Tingkatkan tebaraan pesona keikhlasan
menuju titi persahabatan, lenyapkan sikap mengejek dan membenci, junjung tinggi sikap saling menghargai dan menghormati, tingkatkan
sikap sabar dan ikhlas, lahirkan kesamaan
pandangan, antara sikap dan niat kita, untuk satu kesatuan pemikiran dalam
merajut dan mengapai satu cita-cita, menuju manusia yang bersih dan fitrah demi
tercapainya negeri yang Baldatun Thaibatun Warabbur Ghafur, kalau kesatuan ini
tidak terwujud, tentunya perjalanan menuju kefitrahan dan cita-cita masyarakat sejahtera
juga tidak akan tercapai.
Bulan syawal merupakan momentum untuk memulihkan
kembali berbagai kedap kedip cahaya pergesekan dan perbedaan warna di antara masyarakat,
mari kita buang jauh perbedaan pilihan warna-warni bendera pesta demokrasi, sekarang waktunya bersatu padu, berpegangan tangan menyingsing
lengan baju, dalam semangat kekeluargaan, persaudaraan dibawah lambaian warna putih yang suci (fitrah).

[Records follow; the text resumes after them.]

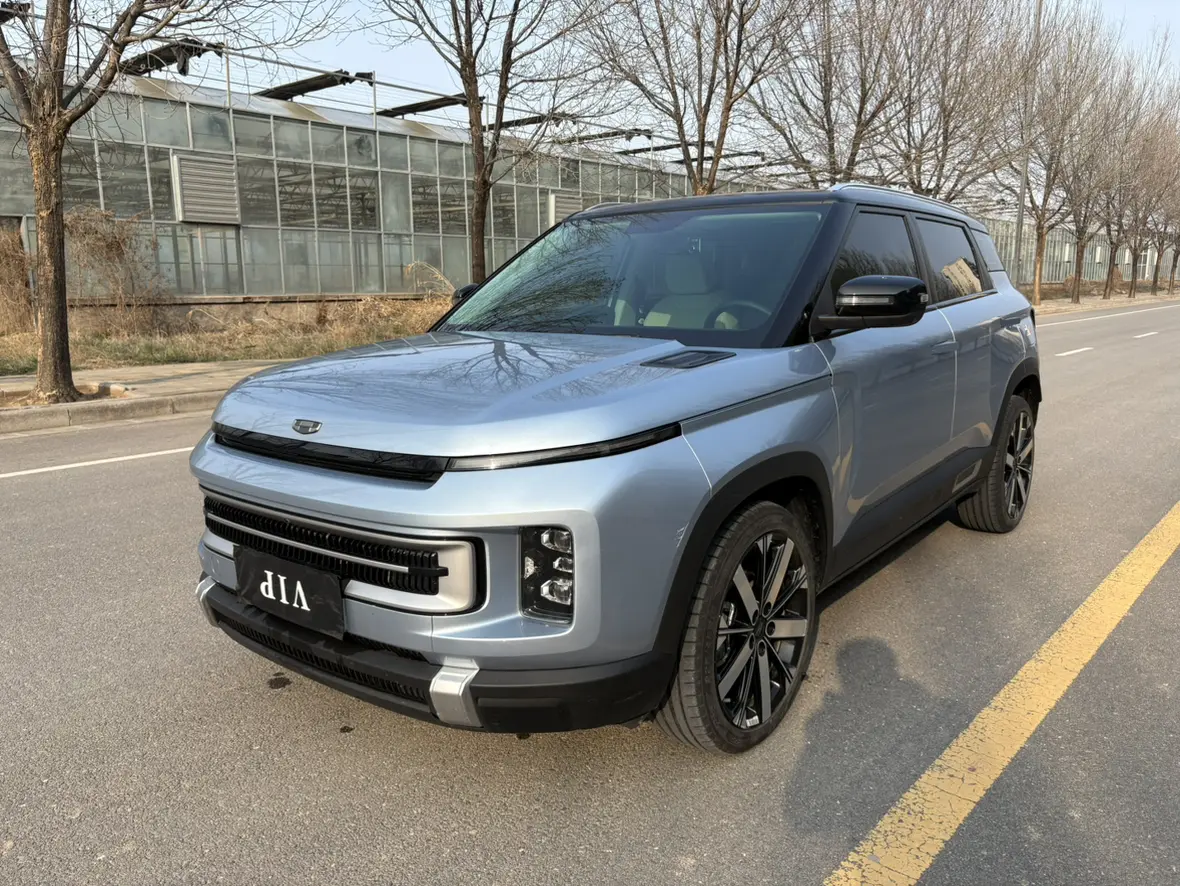 Geely ICON  из Китая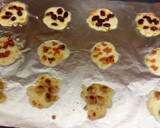 Foto del paso 5 de la receta: Galletas de queso con albaricoques, pasas y avellanas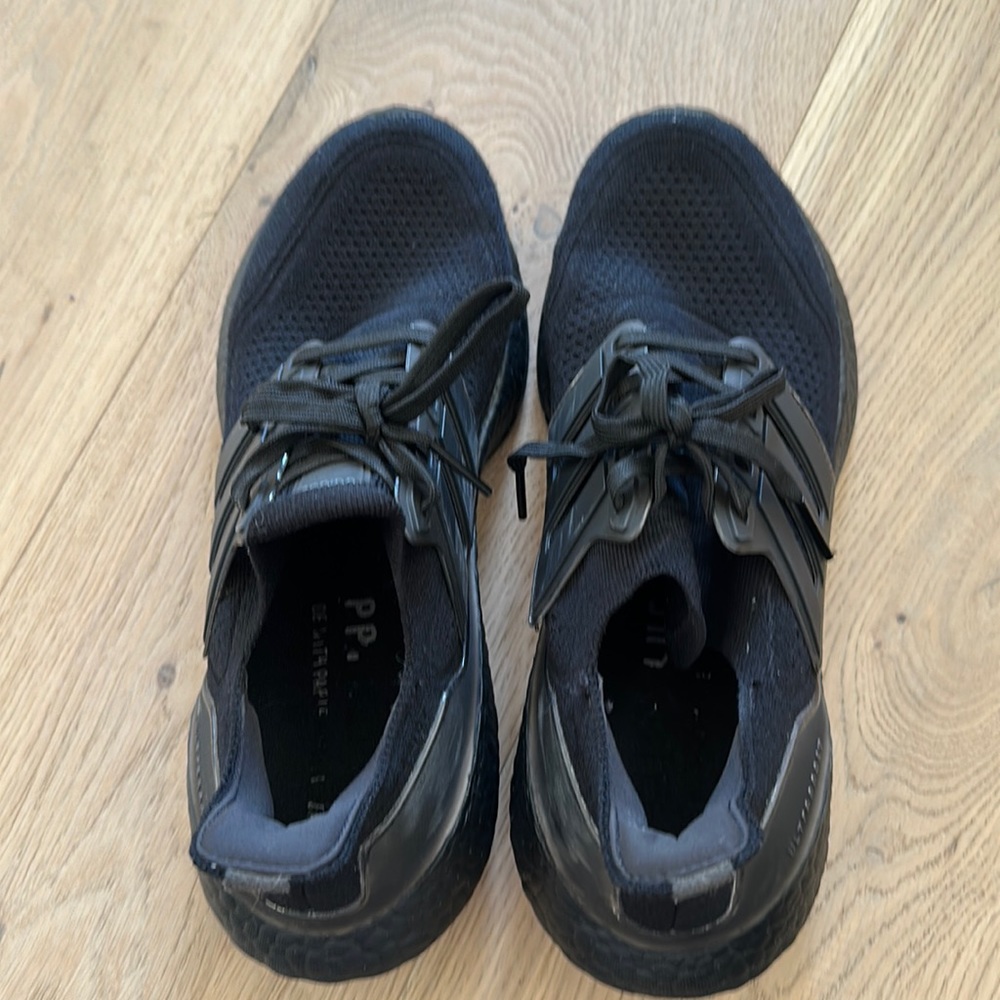 black adidas ultra boost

Bulan Syawal juga merupakan bulan penuh keceriaan, di bulan ini
orang-orang bersuka cita, bersalaman, berpelukan, bertangis bahagia, mengucap
syukur yang tulus, meminta maaf dan memaafkan yang bersalah yang pernah
dilakukan dan diperbuat. Betapa bulan Syawal menjadi bulan penuh berkah, rahmat
dan ampunan Allah, karena dibulan ini semua umat Islam menguatkan ikatan tali
silaturahmi dan ukhuwah Islamiyah.
Momentum Idul Fitri, hendaknya menjadi ajang
bermaaf-maafan penuh persaudaraan dan kekeluargaan, serta menjadi titi penyeberangan dari penyakit hati dan
berbagai sikap kebencian lainnya, menuju lokasi kefitrahan yang hakiki. Jadikan
Idul fitri pasca pemilihan umum serentak tahun ini, sebagai racun api untuk memadamkan semua bara api kebencian
menuju suasana kefitrahan yang telah menghiasi perjalanan ibadah ramadhan.
Hari meugang dan ramadhan, sarat nuansa sosial, kepedulian dan kesetiakawanan,
nuansa tersebut telah memberikan begitu banyak makna dan arti bagi kita untuk
menata kehidupan yang berkualitas, menuju kehidupan yang abadi di hari nanti.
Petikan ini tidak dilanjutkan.